Brief:
Reproduce, word for word, the lines in the material below starting with the one that has "Picture of Moncler" and going on through the one that has "Купить запчасть CTR - CB0150". Leave out all pictures.

Given records:
[Start of Attachment]

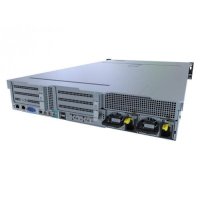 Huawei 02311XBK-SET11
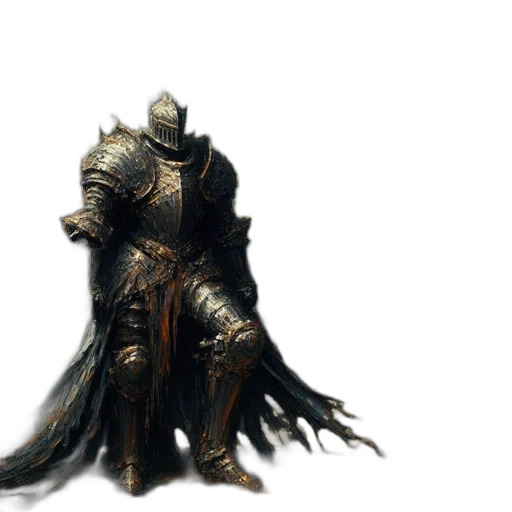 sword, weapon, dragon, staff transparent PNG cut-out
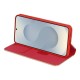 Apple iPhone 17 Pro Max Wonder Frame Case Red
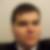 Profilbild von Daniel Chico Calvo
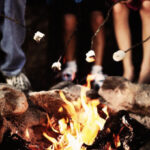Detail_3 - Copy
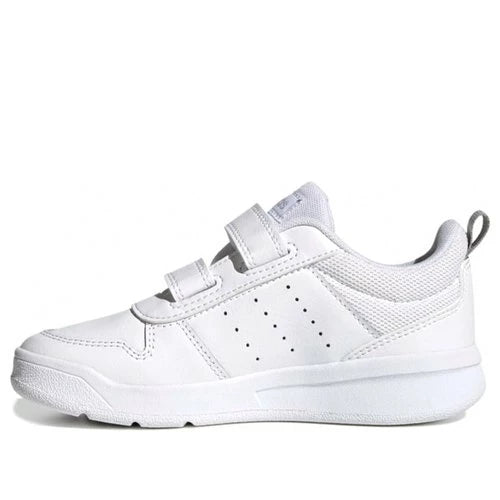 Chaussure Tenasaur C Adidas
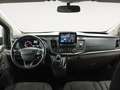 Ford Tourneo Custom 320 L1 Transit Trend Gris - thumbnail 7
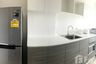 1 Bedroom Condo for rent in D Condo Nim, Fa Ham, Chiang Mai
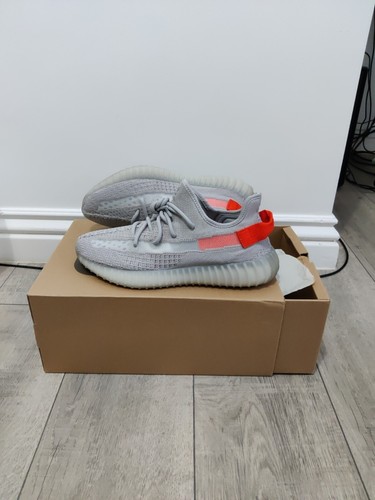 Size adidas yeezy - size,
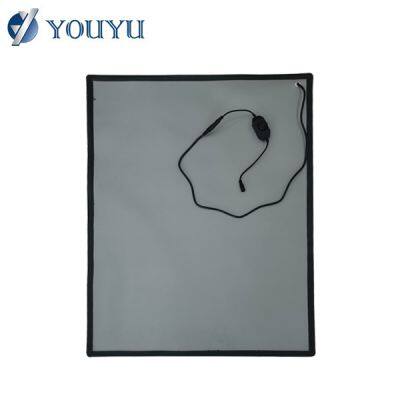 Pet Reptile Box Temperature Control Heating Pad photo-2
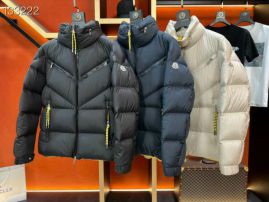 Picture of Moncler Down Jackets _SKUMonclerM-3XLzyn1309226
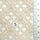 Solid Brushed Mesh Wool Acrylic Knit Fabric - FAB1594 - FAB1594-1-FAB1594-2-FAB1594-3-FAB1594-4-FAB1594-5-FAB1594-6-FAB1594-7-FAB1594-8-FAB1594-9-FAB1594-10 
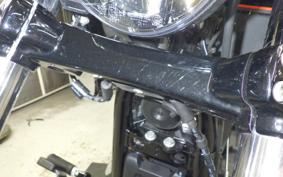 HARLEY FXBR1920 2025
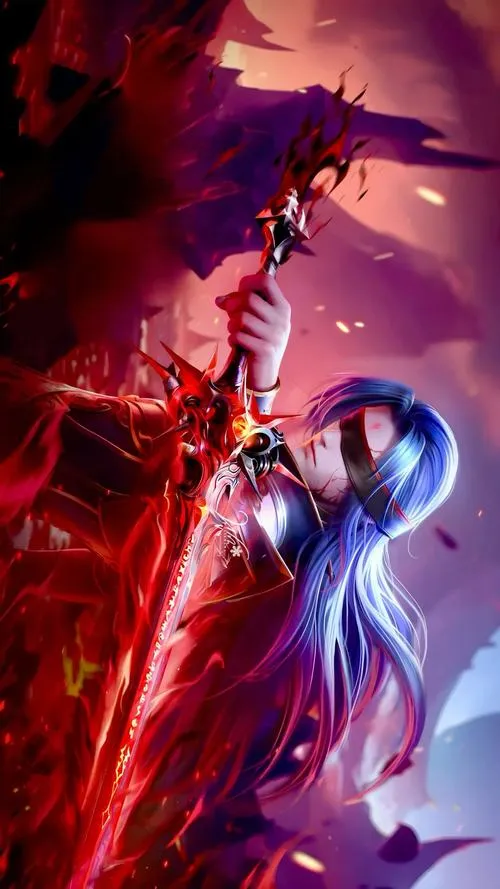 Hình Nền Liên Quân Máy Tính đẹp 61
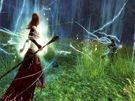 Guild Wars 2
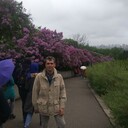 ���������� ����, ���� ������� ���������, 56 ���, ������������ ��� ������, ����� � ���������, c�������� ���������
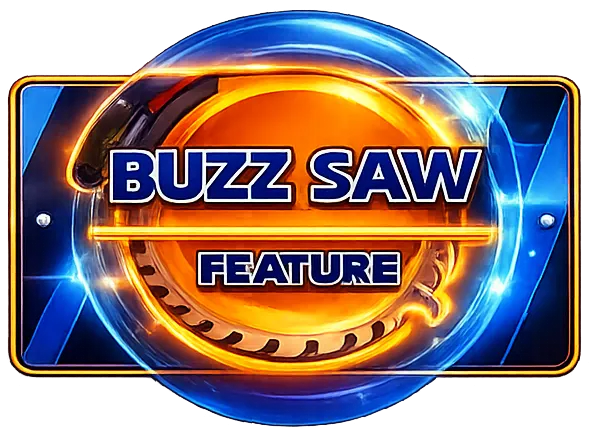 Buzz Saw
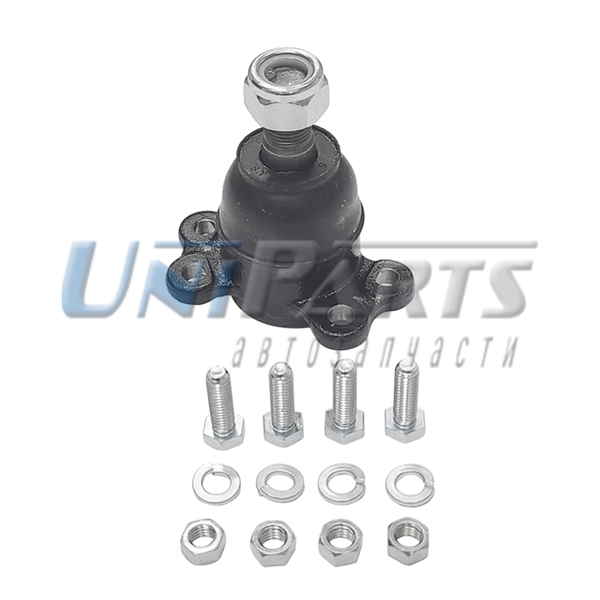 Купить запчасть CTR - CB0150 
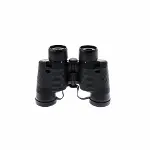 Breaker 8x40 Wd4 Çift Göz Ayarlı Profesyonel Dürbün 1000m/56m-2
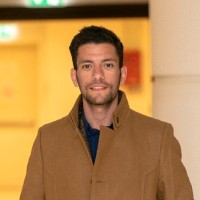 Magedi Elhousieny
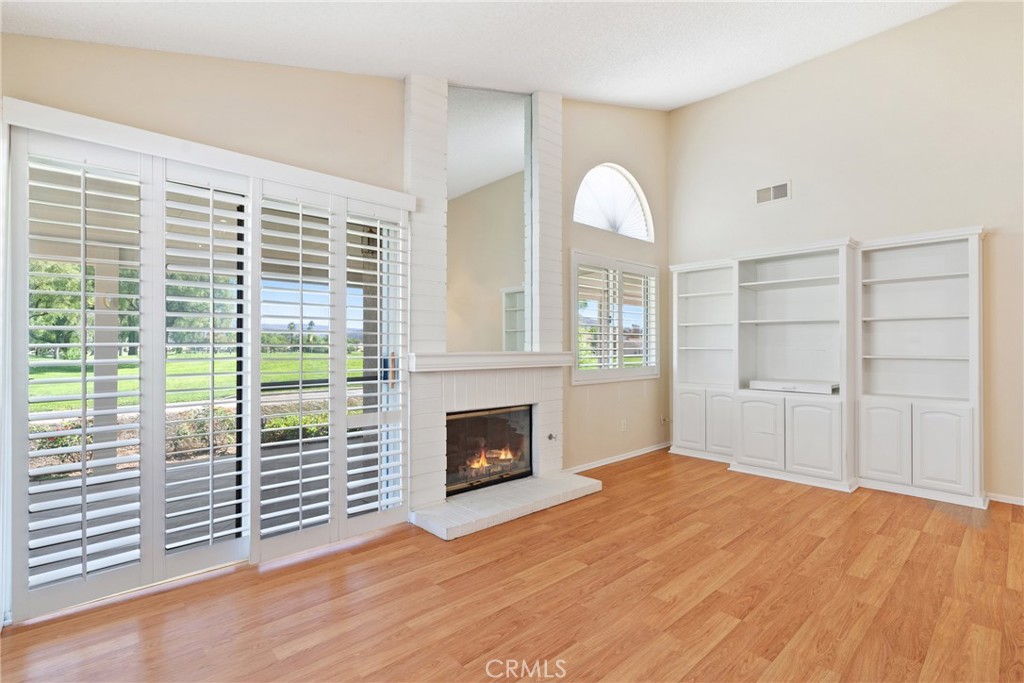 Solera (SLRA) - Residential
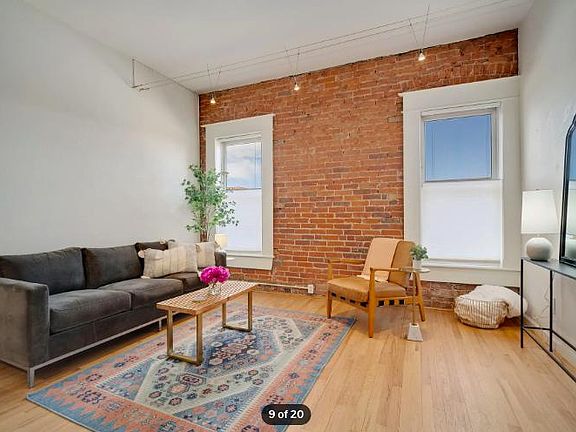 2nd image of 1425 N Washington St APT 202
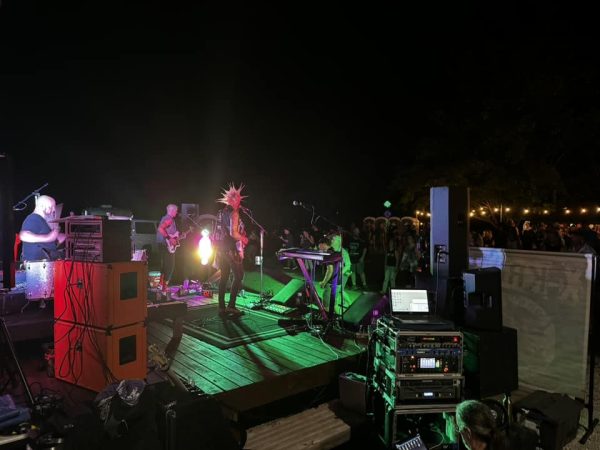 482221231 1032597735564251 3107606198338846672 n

[End of Attachment]
[Start of Attachment]

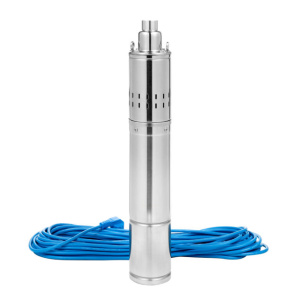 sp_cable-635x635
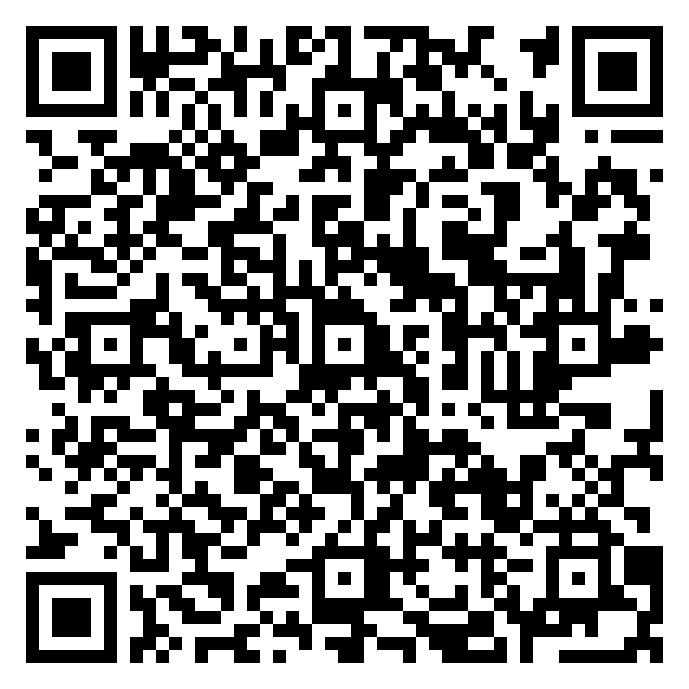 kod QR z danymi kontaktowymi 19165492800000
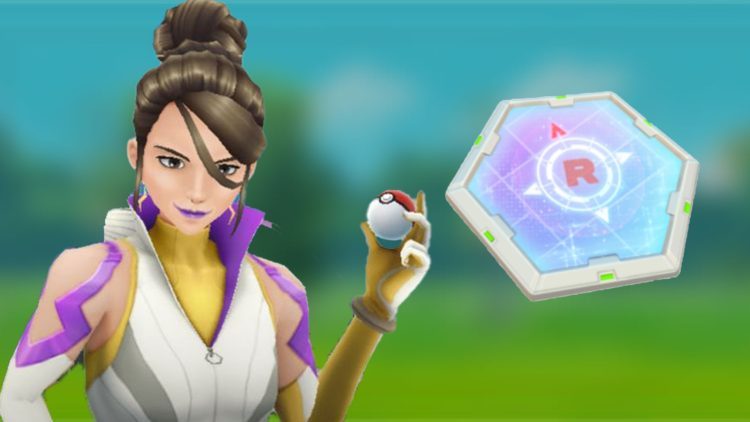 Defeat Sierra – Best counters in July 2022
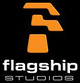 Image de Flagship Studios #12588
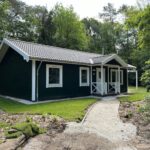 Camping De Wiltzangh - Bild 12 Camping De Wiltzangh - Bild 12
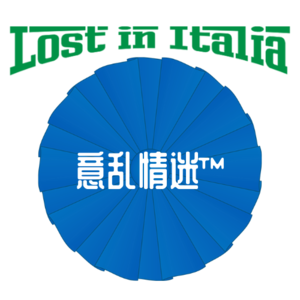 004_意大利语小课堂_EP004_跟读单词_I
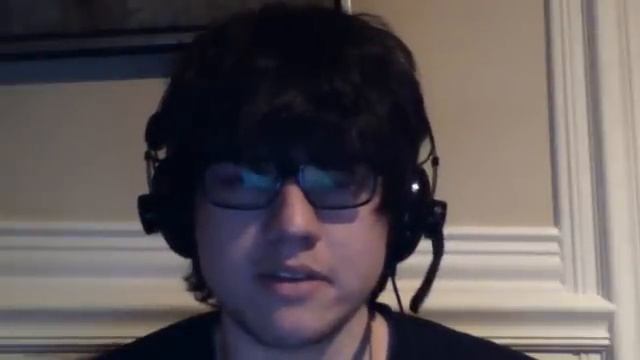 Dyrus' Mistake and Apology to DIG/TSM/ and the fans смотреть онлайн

[End of Attachment]
[Start of Attachment]

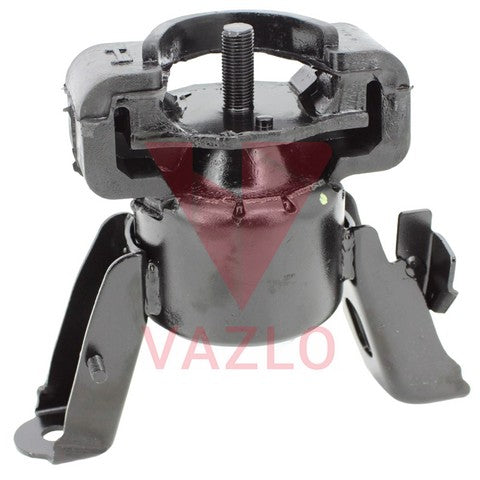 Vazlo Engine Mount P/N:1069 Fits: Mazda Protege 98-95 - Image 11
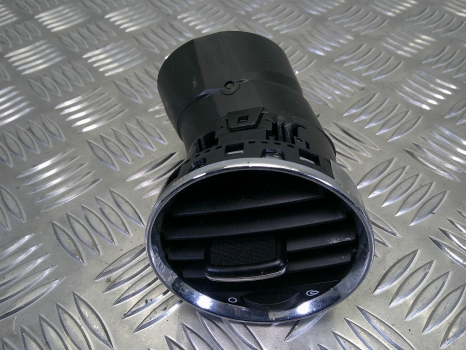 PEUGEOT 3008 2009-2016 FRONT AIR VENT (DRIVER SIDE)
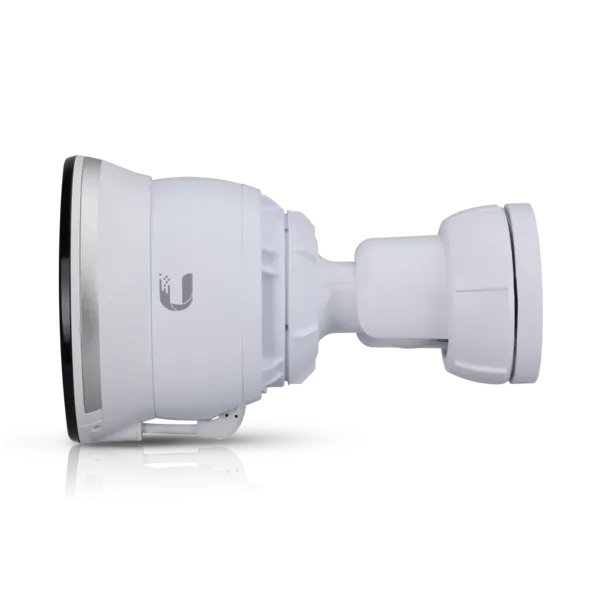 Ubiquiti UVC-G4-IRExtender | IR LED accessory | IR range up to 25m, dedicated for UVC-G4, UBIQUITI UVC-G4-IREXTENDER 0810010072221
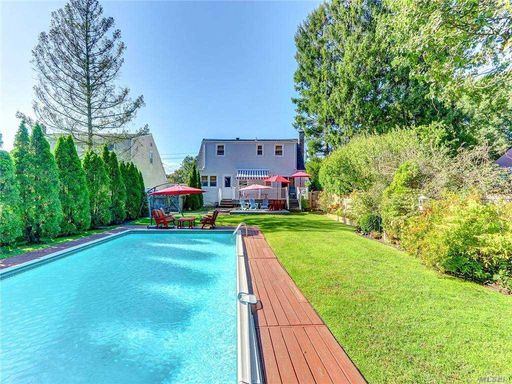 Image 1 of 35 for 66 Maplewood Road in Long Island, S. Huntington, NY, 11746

[End of Attachment]

Solution for this task:
 Picture of Moncler Down Jackets _SKUMonclerM-3XLzyn1309226
 Solid Brushed Mesh Wool Acrylic Knit Fabric - FAB1594 - FAB1594-1-FAB1594-2-FAB1594-3-FAB1594-4-FAB1594-5-FAB1594-6-FAB1594-7-FAB1594-8-FAB1594-9-FAB1594-10 
 HARLEY FXBR1920 2025
 Hình Nền Liên Quân Máy Tính đẹp 61
 Guild Wars 2
 ���������� ����, ���� ������� ���������, 56 ���, ������������ ��� ������, ����� � ���������, c�������� ���������
 Buzz Saw
 Купить запчасть CTR - CB0150 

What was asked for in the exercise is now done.